## Task statement
The records below are to be output exactly, except for their pictures.

## The input
▬▬▬▬▬▬

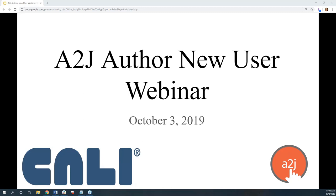Welcome everyone to our A2J Author new user webinar. This is Jessica Frank, A2J Author's project manager. With me on the staff side are John Mayer, our executive director, Tobias Enterejo, our A2J backend developer, and Mike Mitchell, our developer from Betovi who works on A2J Author. We're all on the call hoping to get feedback from you, and this session is being recorded as a springboard for community involvement.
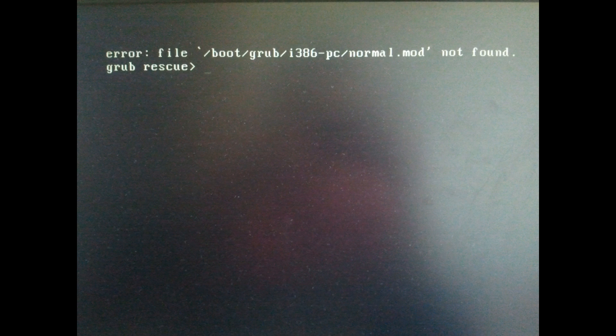Hello everybody! In this video I wanted to share my experience with a boot problem called a normal.mod file not found.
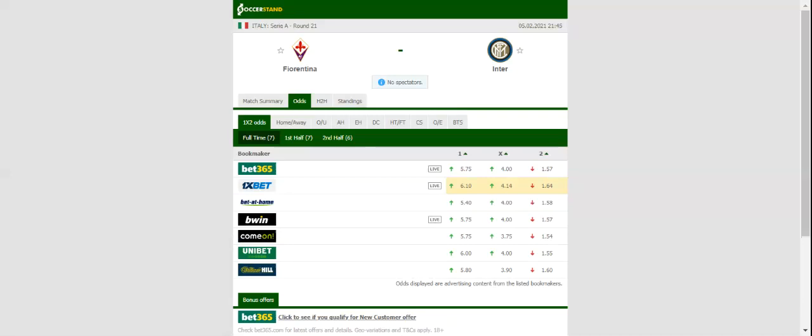Inter, on the other hand, rolled over Benevento 4-0 on Tuesday in the race for Scudetto.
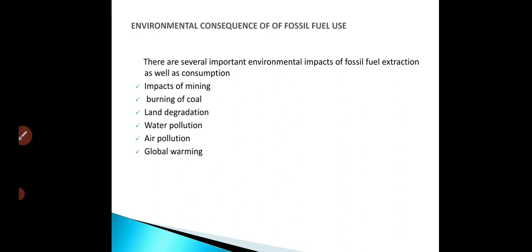Next is the burning of coal and fossil fuels. Burning of fossil fuels always creates very harmful effects for the environment. Burning of fossil fuels causes global warming and contributes to ozone depletion. It will cause very harmful effects for the environment.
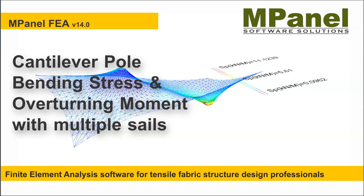A new cantilever pole has been added in version 14 of FEA which allows modeling and reporting of pole bending stresses and overturning moments for cantilever poles with multiple sail attachments.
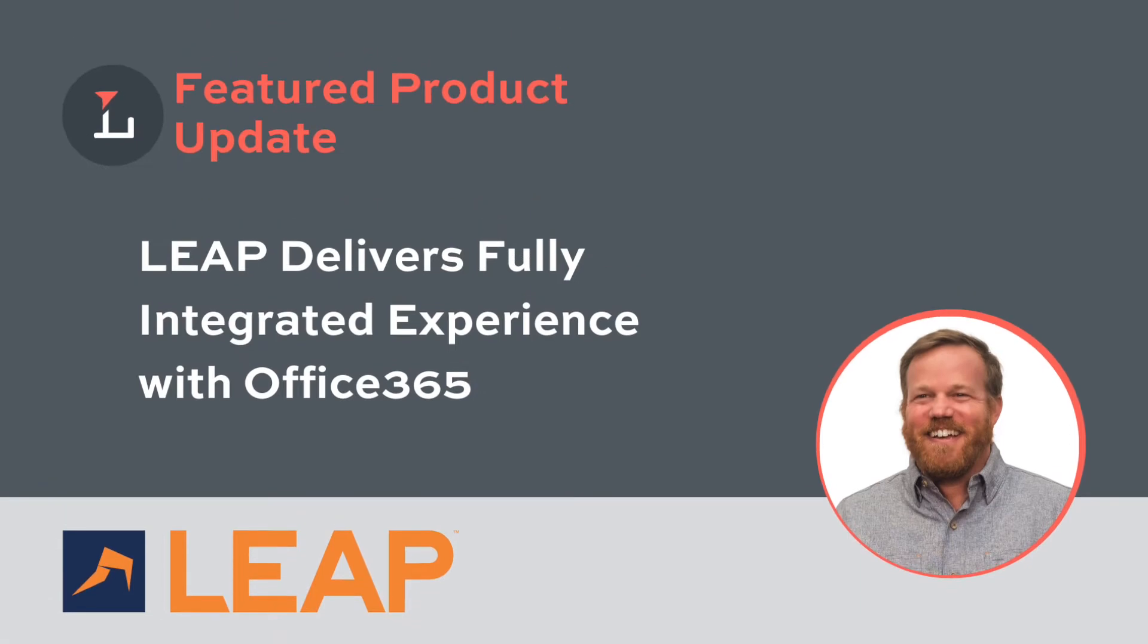Hey y'all, it's Zach, the legal tech advisor here at Lawyerist. Today I'd like to talk to you about document creation, document management, and court forms. Specifically, I'd like to talk to you about Leap Legal's integration with Office 365 and their court forms.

▬▬▬▬▬▬

## Solution to this exercise
Welcome everyone to our A2J Author new user webinar. This is Jessica Frank, A2J Author's project manager. With me on the staff side are John Mayer, our executive director, Tobias Enterejo, our A2J backend developer, and Mike Mitchell, our developer from Betovi who works on A2J Author. We're all on the call hoping to get feedback from you, and this session is being recorded as a springboard for community involvement.
Hello everybody! In this video I wanted to share my experience with a boot problem called a normal.mod file not found.
Inter, on the other hand, rolled over Benevento 4-0 on Tuesday in the race for Scudetto.
Next is the burning of coal and fossil fuels. Burning of fossil fuels always creates very harmful effects for the environment. Burning of fossil fuels causes global warming and contributes to ozone depletion. It will cause very harmful effects for the environment.
A new cantilever pole has been added in version 14 of FEA which allows modeling and reporting of pole bending stresses and overturning moments for cantilever poles with multiple sail attachments.
Hey y'all, it's Zach, the legal tech advisor here at Lawyerist. Today I'd like to talk to you about document creation, document management, and court forms. Specifically, I'd like to talk to you about Leap Legal's integration with Office 365 and their court forms.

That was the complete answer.